» **Work required**:
Only one part of the listing is needed: the lines from the one with "Plastglas klar, H 6 cm, 7 cl" through the last line, copied exactly and free of pictures.

» **Data extract**:
Start of Block
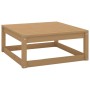 Set de muebles de jardín 13 pzs cojines madera pino marrón miel de vidaXL, Conjuntos de jardín - Ref: Foro24-3077012, Precio:...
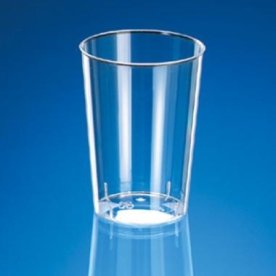 Plastglas klar, H 6 cm, 7 cl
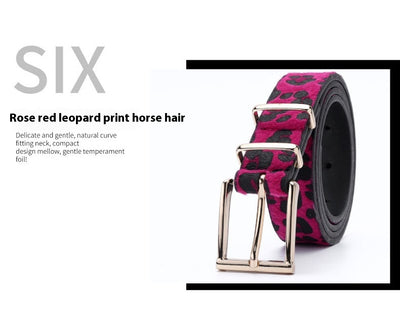 Cinturón de Crin de Caballo con Estampado Leopardo - Estilo Creativo Femenino - Image 17
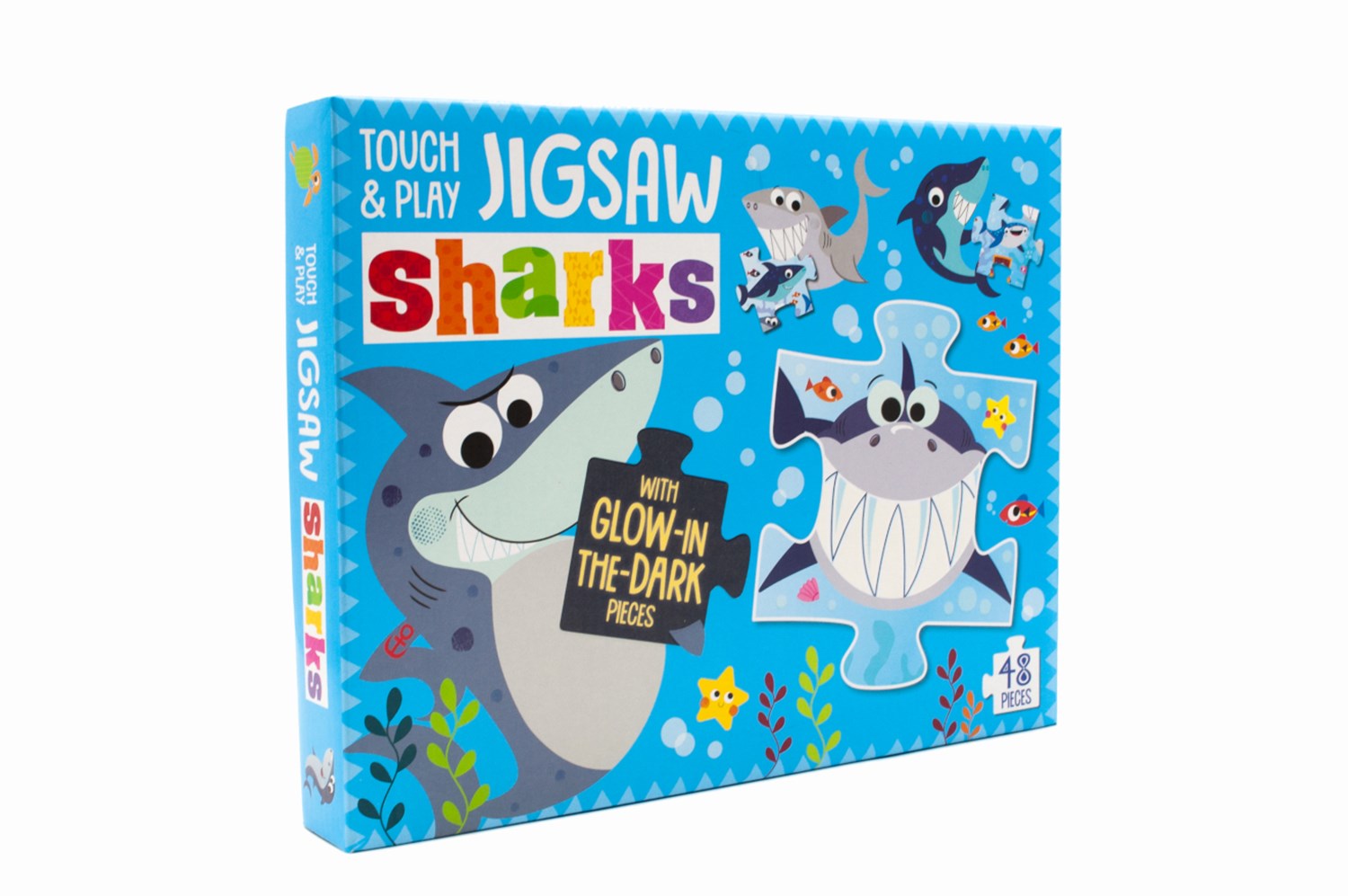 Touch and play jigsaw: Sharks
End of Block
» **Answer below**:
 Plastglas klar, H 6 cm, 7 cl
 Cinturón de Crin de Caballo con Estampado Leopardo - Estilo Creativo Femenino - Image 17
 Touch and play jigsaw: Sharks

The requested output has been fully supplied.